ECCV 2024 Tutorial:


Time is precious: Self-Supervised Learning Beyond Images


30th September, 09:00 to 13:00 CST, Amber 7 + 8

MiCo Milano






Overview


SSL has allowed pretraining of neural networks to scale beyond the size of labelled datasets, demonstrating robust performance without the need for costly annotation. This approach has successfully scaled training dataset sizes to billions of images.

However, state-of-the-art (SoTA) models often learn representations limited to single-image inputs, lacking temporal context. Visual representations derived from such static images are limited to learning from disjoint static snapshots of the world. This limitation is particularly pronounced in recent SSL techniques, all of which are trained on meticulously curated and object-centric datasets, such as ImageNet. Attempts to scale up single-image techniques to larger, less-curated datasets like Instagram-1B have not yielded substantial improvements in performance. A single image, regardless of artificial augmentation, has its constraints: it cannot create new perspectives of an object or anticipate unfolding events in a scene.

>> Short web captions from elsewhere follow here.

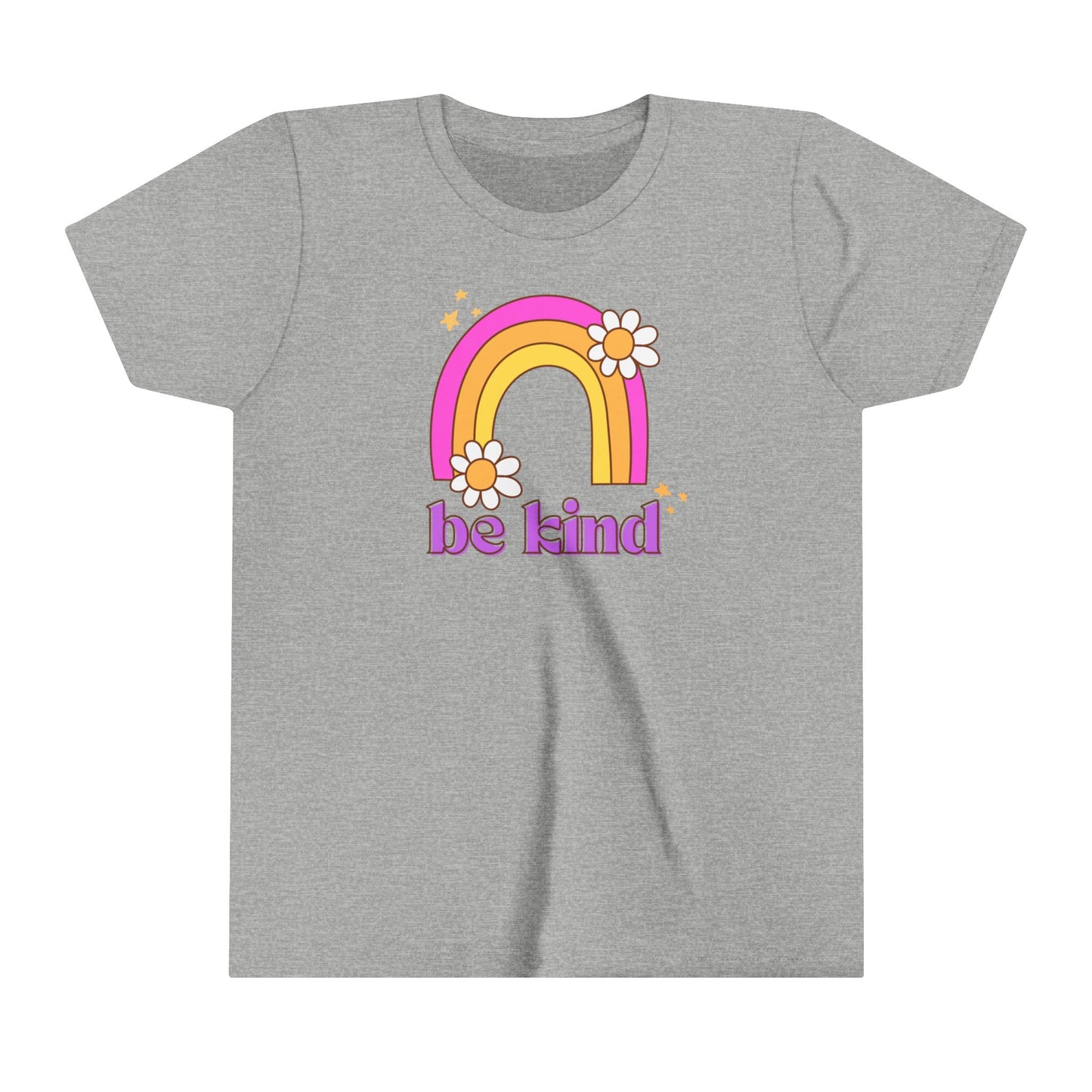 Be Kind Youth Short Sleeve Tee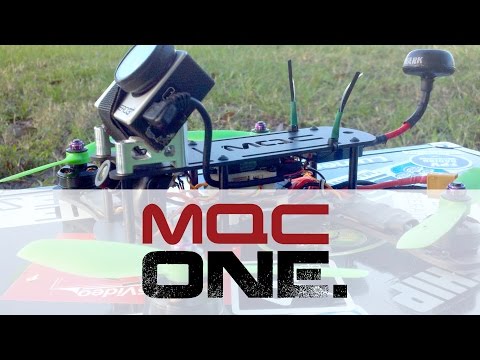 Need the Light - Freestyle FPV on the MQC ONE Frame from MiniQuadClub.com - UCHQt84v0Hkep16-0ABpQlrQ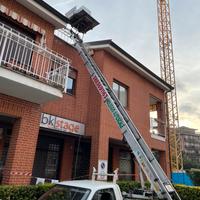 Noleggio Autoscale Torino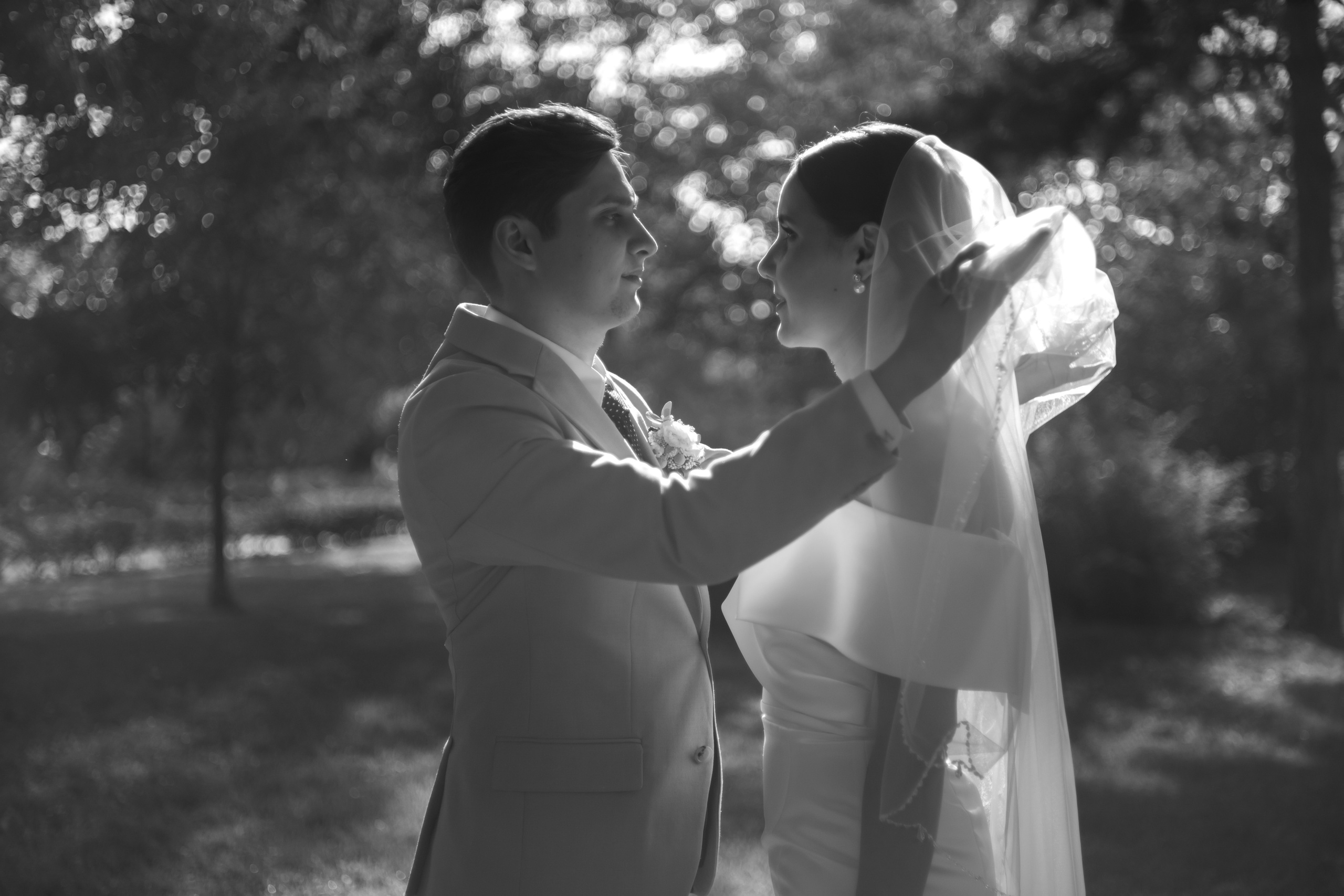 Рауль и Елизавета. Фотограф в Астрахани Миронова Анастасия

The primary goal of this tutorial is to introduce to the computer vision community, the concept of learning robust representations by leveraging the rich information in video frames. While, image-based pretraining has gained recent popularity with SimCLR, the practice of pretraining models from videos dates back much earlier. This tutorial will recapitulate both early and recent works, which have pretrained image encoders using videos for different pretext tasks such as egomotion prediction, active recognition, dense prediction etc. We also discuss practical implementation details relevant for practitioners and highlight connections to other, existing works such as VITO, TimeTuning, DoRA, V-JEPA etc. We also discuss recent works aimed to mimic human visual systems such learning from one continuous video stream and by learning from longitudinal audio-visual headcam recordings from young children, thereby putting this concept into a broader context.

Motivation


These works from the last 6-12 months demonstrate a paradigm shift, showcasing SSL models pretrained on videos can outperform image-based pretraining. The notable progress validates this trend, making this tutorial on past and present advancements crucial for newcomers in the field. Key questions we aim to tackle in this tutorial include:



Speakers


Mohammadreza Salehi
University of Amsterdam
Yuki M. Asano
University of Amsterdam
João Carreira
Google DeepMind
Ishan Misra
GenAI, Meta
Emin Orhan
Independent Researcher



Schedule

Title Speaker Time (CST)
Introduction Mohammadreza 09:00 - 09:10
Part (1): Learning image encoders from videos
Prior works
Shashanka 09:10 - 09:50
Part (2): New Vision Foundation Models from Video(s):
1-video pretraining, tracking image-patches
Yuki M. Asano 09:50 - 10:30
Coffee Break
10:30 - 11:00
Applications (1): Learning from one continous stream:
single-stream continual learning, massively parallel video models, perceivers
João Carreira 11:00 - 11:40
Applications (2): What makes Generative video models tick?
Emu Video (text-to-video), FlowVid (video-to-video), factorizing text-to-video generation, efficiency
Ishan Misra 11:40 - 12:20
Applications (3): SSL from the perspective of a developing child
Audio-visual dataset, development of early word learning, learning from children
Emin Orhan 12:20 - 13:00
Conclusion, Open Problems & Final remarks Yuki M. Asano 13:00 - 13:10




About Us

Shashanka is a final year PhD student at the LinkMedia team in INRIA, France, advised by Yannis Avrithis. He conducts research on the topic on self-supervised learning, specifically on learning image representation from videos and data-augmentation methods. He has organized several deep learning workshop focusing on a broad range of topics including diffusion models, RAG, backdoor attacks etc. in his university.

Mohammadreza Salehi
QUVA Lab, University of Amsterdam

Mohammadreza is a third year PhD student at the QUVA lab, University of Amsterdam advised by Yuki Asano, Cees Snoek, and Efstratios Gavves. His research focuses on representation learning, with a special emphasis on learning image representations from videos. In addition to his primary research, he is also deeply engaged in the field of machine learning safety, working towards ensuring that AI systems are reliable and safe for society.

Yuki Asano
QUVA Lab, University of Amsterdam

Yuki M. Asano is an assistant professor at the Video & Image Sense (VIS) Lab at the University of Amsterdam and leads the Qualcomm-UvA (QUVA) lab. He conducts research on the topic on self-supervised learning, multi-modal learning and augmentations, which has resulted in works such as GDT, SSB, SeLa or single-image pretraining and most recently the self-supervised learning from videos such as TimeTuning and DoRA. He has served as Area Chair for CVPR 22-24, ICLR 2023 and NeurIPS 2022. He has also organized several workshops such as SSLWIN in ECCV 2020, ECCV 2022, BigMAC in ICCV 2023.